Illinois already charges a state tobacco tax of 98 cents on each pack of cigarettes, more than five times the amount Missouri charges. An Illinois House committee has recommended passage of a bill tacking another dollar onto that tax. Backers of the bill think it would raise about $375 million a year.
That higher state tax would go on top of any local tobacco taxes. In Chicago, which already has the nation’s second-highest state/local cigarette tax, the tax would reach $4.66 a pack. Next door Evanston, Illinois would have a state/local tobacco tax of $3.48 per pack.

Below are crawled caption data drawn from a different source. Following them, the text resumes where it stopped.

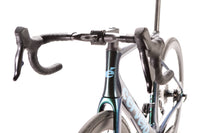 Cervelo Caledonia-5 Sram Rival AXS Disc Road Bike 2022, Size 56cm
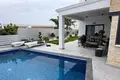 Villa de tres dormitorios 140 m² Yeroskipou, Chipre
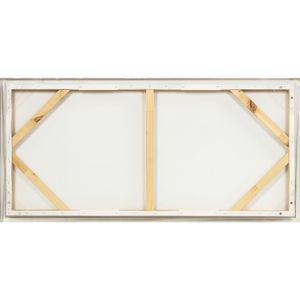 FORBESCLIFF IVORY ART 50 (IN) 6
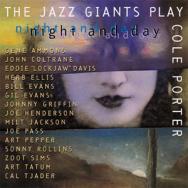 The Jazz Giants Play Cole Porter Night And Day MP3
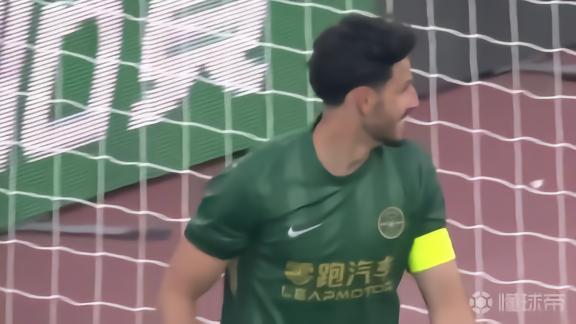 里程碑，浙江队外援卢卡斯迎来中超第100场首发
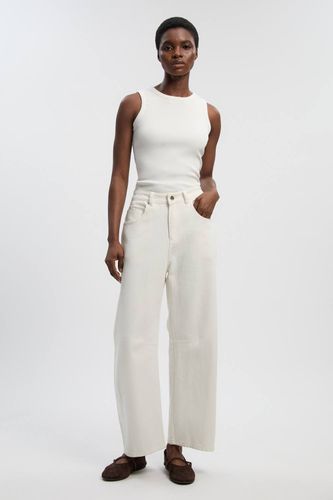 Jean Barell en Denim | Taille 16 - KarenMillen - Modalova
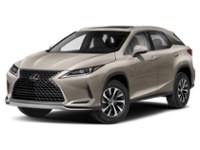 2021 Lexus RX 350 RX 350 Auto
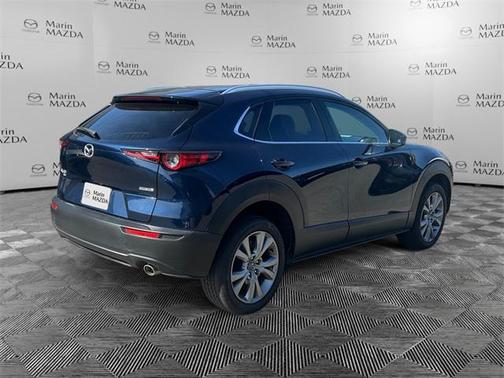 2022 Mazda CX-30 2.5 S Premium Package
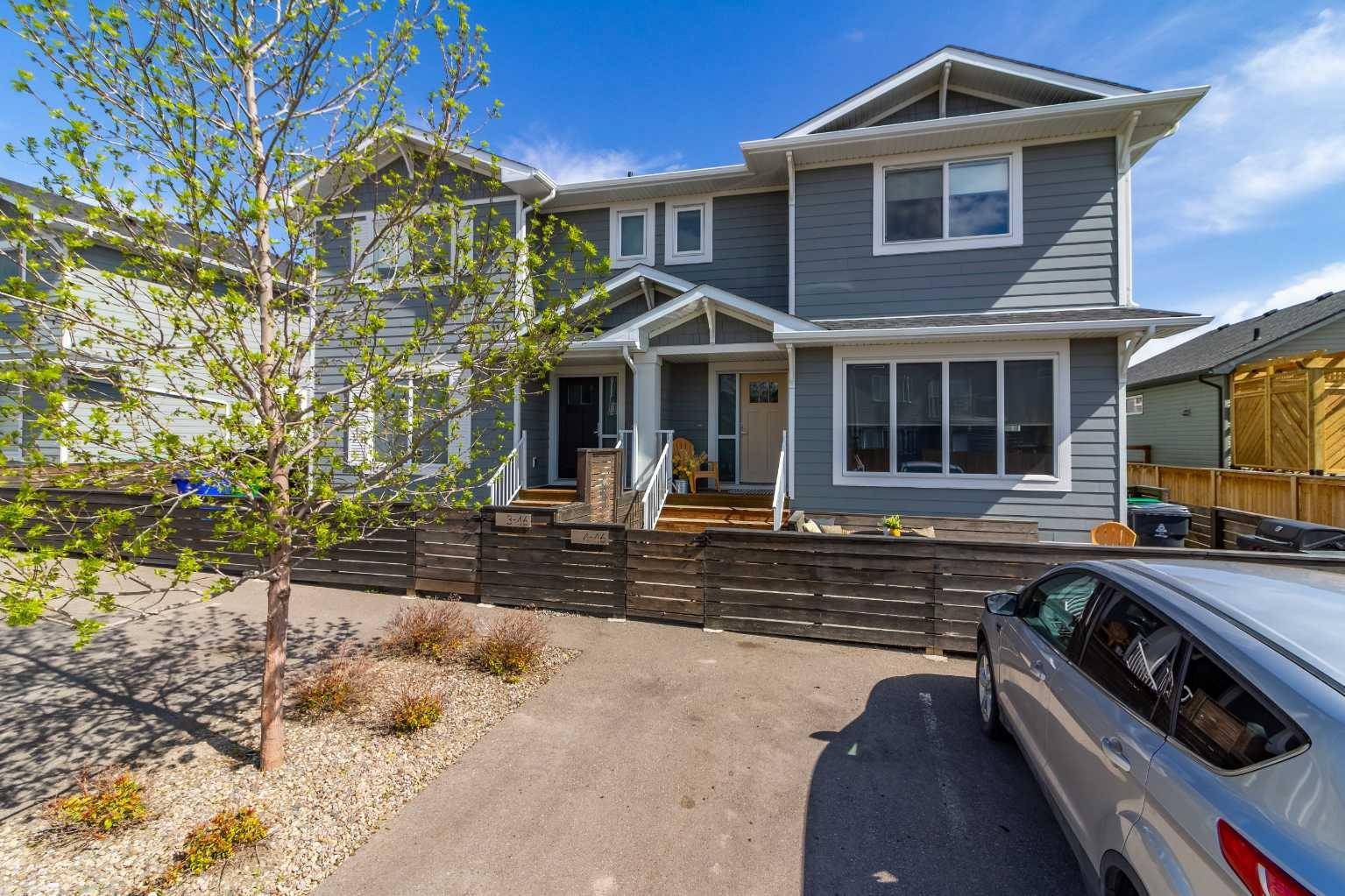 Lethbridge, AB T1J 5J5,46 Country Meadows BLVD West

Illinois lawmakers appear to lack the humanitarian concerns their counterparts in Missouri embrace. They don’t seem to care if they kill jobs in the cigarette sales industry.
That heartless attitude by Illinois is something Missouri needs to turn into economic development.
Here’s how:
It’s time Missouri’s economic development department, its tourism industry, and maybe even the health department launched a joint effort to advertise Missouri’s low-tax cigarette tax. Missouri-sponsored billboards throughout Illinois would encourage people in that state to buy their cigarettes here. Imagine smokers flocking to our border cities where they will load up on cigarettes, producing a giant jump in cigarette sales tax revenue. They might also stay and have dinner or take in a ball game or see a tourist site. Maybe they’ll check into a motel for an hour or two and have a cigarette afterward. Maybe they’ll fill up their car with gas and help our ethanol industry by doing so, pumping more fuel tax money into our state highway system (which also is facing major financial difficulties).
The best part–and this is why the health department needs to sign on–is that they’ll take the cigarettes back to Illinois to smoke them, meaning their later health problems will be issues for Illinois to deal with, not Missouri. So Missouri would profit, generating more money for education, highways, and maybe for health programs, and Illinois would have to deal with the problems smoking causes.
Not only that, but the heavy cigarette sales to outsiders would diminish the supply for Missouri smokers and some might give up the habit out of frustration.
Talk about a win-win situation for Missouri!!
A dozen or so people already face federal charges in St. Louis of smuggling Missouri cigarettes to the Chicago area. The prosecutor says they bought them with our 17 cent tax here, then sold them in Chicago for the higher tax rate there, pocketing the difference. If Illinois jacks up its tax rate by another buck, Missouri smugglers could hit a bonanza.
Smuggling would be economic development. Smuggling would create jobs. Smuggling would bring Illinois money to Missouri as taxable income by the smugglers–if they file returns. Missouri should encourage them to do so. Legalize smuggling. After all, everybody knows the interstate commerce clause is a useless part of the constitution if a state wants to take action that is separate from national standards.
Let’s all root for Illinois to pass this dollar-a-pack cigarette tax increase.
It can mean so much to The Smuggler State.
p.s. Does it seem to you we are missing a bet by now advertising our low cigarette taxes in other states? Here’s how much our eight neighbors charge: Illinois 98 cents; Kentucky 60 cents; Tennessee 62 cents; Arkansas $1.15; Oklahoma $1.03; Kansas 79 cents; Nebraska 64 cents; Iowa $1.38. Clearly we need to do some advertising in our neighboring states. Get those “tourists” in here.